━━━ Supplied data ━━━
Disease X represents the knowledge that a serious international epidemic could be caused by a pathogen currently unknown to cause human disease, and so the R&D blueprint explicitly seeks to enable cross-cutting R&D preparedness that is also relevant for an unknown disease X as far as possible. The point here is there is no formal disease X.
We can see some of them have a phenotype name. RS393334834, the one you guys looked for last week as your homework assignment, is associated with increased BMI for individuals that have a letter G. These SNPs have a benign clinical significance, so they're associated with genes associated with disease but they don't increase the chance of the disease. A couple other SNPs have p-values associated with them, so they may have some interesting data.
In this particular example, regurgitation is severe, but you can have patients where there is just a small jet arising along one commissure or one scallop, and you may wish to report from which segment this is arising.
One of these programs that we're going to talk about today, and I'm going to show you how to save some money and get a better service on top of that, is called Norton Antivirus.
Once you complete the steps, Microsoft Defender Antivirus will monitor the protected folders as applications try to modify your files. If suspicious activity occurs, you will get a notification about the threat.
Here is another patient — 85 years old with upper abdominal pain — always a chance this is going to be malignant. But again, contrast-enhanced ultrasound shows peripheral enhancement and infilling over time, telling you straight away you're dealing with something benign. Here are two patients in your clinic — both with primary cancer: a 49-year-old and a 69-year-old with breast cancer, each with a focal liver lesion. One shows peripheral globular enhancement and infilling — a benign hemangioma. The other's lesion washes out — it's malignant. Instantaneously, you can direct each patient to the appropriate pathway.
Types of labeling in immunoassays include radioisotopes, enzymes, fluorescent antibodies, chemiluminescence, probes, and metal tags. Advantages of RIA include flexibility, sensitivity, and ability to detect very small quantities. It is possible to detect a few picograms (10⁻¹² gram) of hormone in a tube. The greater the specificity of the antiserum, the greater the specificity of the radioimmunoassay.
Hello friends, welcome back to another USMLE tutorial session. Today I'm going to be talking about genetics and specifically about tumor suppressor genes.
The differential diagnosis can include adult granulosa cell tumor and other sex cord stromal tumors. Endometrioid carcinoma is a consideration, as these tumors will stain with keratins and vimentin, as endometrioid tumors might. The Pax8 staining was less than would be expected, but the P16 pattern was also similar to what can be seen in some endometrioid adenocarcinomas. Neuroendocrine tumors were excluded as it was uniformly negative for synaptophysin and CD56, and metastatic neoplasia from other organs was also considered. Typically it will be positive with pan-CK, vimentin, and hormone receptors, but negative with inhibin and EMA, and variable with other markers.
━━━
Exercise directions - Once you have counted the lines of the records holding the string "Antivirus", state that number with no other words.

Response area - 2